L’île va pouvoir se doter de nouveaux cadres compétents et formés sur place : le Centre Universitaire de Dembéni met en place des “licences pro”. Elles devraient être proposées dès la rentrée 2014.
Mayotte manque de comptables, de gestionnaires, de personnes capables de piloter des projets, de coordinateurs… Et les besoins sont immenses, notamment en matière de cohésion sociale. Seules 10 communes sur 17 ont signé un Contrat Urbain de Cohésion sociale (CUCS) qui leur permet d’avoir des moyens supplémentaires pour encadrer les jeunes, mais les agents sont rarement qualifiés. «Au 1er janvier 2015, la politique de la ville sera réformée, les CUCS se mutent en reprenant le nom de Contrats de ville et l’Etat alloue 2 millions d’euros», indique Laetitia Delahaies, directrice du Centre des Ressources de la Cohésion sociale à Mayotte.
Une manne qui ne retombe pas sur la population : «face aux manques de compétences locales, nous recrutons à l’extérieur alors que nous préférerions faire appel à des diplômés sur place». Pire certains budgets ne sont pas utilisés fautes de gestionnaires dans les associations locales.
La solution est en cours de réflexion au Centre Universitaire (CUFR) de Dembéni.

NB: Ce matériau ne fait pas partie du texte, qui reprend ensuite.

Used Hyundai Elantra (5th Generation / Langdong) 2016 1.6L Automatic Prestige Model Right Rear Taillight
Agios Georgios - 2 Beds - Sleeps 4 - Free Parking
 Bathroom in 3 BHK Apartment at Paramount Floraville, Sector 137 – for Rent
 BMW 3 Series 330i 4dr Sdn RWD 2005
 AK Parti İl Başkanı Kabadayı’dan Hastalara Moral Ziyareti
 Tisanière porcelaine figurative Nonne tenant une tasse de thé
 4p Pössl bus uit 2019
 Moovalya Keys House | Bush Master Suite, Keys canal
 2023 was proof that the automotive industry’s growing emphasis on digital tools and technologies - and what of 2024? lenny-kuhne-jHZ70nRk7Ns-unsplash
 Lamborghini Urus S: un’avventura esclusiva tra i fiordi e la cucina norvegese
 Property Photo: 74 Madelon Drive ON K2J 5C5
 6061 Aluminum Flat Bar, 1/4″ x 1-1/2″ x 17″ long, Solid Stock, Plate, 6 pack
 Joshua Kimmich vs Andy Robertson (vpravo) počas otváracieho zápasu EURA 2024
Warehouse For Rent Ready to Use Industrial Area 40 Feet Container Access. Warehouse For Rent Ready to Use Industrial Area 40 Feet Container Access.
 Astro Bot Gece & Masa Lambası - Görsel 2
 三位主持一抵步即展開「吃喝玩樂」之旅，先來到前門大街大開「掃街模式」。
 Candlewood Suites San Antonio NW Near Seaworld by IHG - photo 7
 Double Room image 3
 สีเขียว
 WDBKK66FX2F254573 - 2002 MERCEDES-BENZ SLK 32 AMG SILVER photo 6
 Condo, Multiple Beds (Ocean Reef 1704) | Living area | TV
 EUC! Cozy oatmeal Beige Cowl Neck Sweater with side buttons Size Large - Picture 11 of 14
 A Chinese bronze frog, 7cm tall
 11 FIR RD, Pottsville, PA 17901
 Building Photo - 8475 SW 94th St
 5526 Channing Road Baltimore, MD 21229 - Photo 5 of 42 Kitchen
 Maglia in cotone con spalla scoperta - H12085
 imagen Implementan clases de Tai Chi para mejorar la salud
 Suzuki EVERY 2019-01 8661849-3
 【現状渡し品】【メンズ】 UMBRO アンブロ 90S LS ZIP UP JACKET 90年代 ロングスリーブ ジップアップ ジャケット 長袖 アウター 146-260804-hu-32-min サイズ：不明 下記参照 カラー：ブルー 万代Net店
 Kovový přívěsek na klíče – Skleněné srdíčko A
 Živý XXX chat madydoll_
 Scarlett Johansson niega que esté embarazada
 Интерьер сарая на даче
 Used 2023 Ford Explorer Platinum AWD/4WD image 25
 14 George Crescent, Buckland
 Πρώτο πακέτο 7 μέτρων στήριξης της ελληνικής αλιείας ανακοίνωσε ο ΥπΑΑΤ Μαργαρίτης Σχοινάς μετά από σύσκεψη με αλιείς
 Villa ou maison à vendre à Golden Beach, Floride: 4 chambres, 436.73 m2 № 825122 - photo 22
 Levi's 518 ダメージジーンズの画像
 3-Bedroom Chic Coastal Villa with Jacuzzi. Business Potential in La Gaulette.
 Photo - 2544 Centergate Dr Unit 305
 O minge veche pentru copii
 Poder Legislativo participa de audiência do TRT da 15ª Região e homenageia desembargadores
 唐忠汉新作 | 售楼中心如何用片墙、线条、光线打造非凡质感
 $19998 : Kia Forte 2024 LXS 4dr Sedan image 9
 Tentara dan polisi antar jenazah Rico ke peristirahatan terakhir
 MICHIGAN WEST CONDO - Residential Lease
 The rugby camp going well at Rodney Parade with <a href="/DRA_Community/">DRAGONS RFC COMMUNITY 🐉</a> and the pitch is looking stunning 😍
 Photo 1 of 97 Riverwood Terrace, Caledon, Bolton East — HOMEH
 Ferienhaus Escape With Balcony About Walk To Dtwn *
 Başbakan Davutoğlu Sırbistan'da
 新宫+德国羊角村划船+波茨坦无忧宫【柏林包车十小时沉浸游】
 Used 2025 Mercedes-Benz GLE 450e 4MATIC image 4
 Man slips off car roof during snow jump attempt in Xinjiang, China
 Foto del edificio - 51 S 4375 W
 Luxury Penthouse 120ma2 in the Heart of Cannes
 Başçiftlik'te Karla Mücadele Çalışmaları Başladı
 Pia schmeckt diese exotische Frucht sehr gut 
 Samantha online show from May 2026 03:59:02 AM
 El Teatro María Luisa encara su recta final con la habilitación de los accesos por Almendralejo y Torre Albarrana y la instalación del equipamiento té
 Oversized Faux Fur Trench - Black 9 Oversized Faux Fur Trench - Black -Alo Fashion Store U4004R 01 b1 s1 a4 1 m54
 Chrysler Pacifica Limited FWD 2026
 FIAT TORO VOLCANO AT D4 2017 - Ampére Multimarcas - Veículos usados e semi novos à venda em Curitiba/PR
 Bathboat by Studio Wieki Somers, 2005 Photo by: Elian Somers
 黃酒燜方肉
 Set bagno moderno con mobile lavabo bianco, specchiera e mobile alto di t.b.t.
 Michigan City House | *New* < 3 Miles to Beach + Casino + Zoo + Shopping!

L’idée avait été avancée au ministre Repentin : mettre en place des licences professionnelles. Elles permettront aux jeunes diplômés d’entrer immédiatement dans la vie active répondant ainsi au besoin en compétences de l’île.
De plus, elles correspondraient à la tendance actuelle : les jeunes préfèrent rester à Mayotte. «Nous avons jusqu’à 7 demandes pour une place en BTS. C’est bien de pouvoir stabiliser les jeunes deux ans de plus sur le territoire», témoigne Patrick James, du vice-rectorat.
A chaque secteur demandeur, sa licence pro
Laurent Chassot, directeur du CUFR, a de plus réussi le tour de force d’obtenir un accord de principe du ministère de l’Enseignement supérieur sur une homologation pour la rentrée 2014, ce qui prend habituellement prés d’une année.
De leur côté, les acteurs porteurs du projet ont déjà bien avancé : ils étaient réunis à l’Université vendredi après-midi sous l’égide d’Isabelle Chevreuil, la présidente du Conseil d’administration, pour définir ensemble le contenu des licences, leurs débouchés, jusqu’à leur intitulé.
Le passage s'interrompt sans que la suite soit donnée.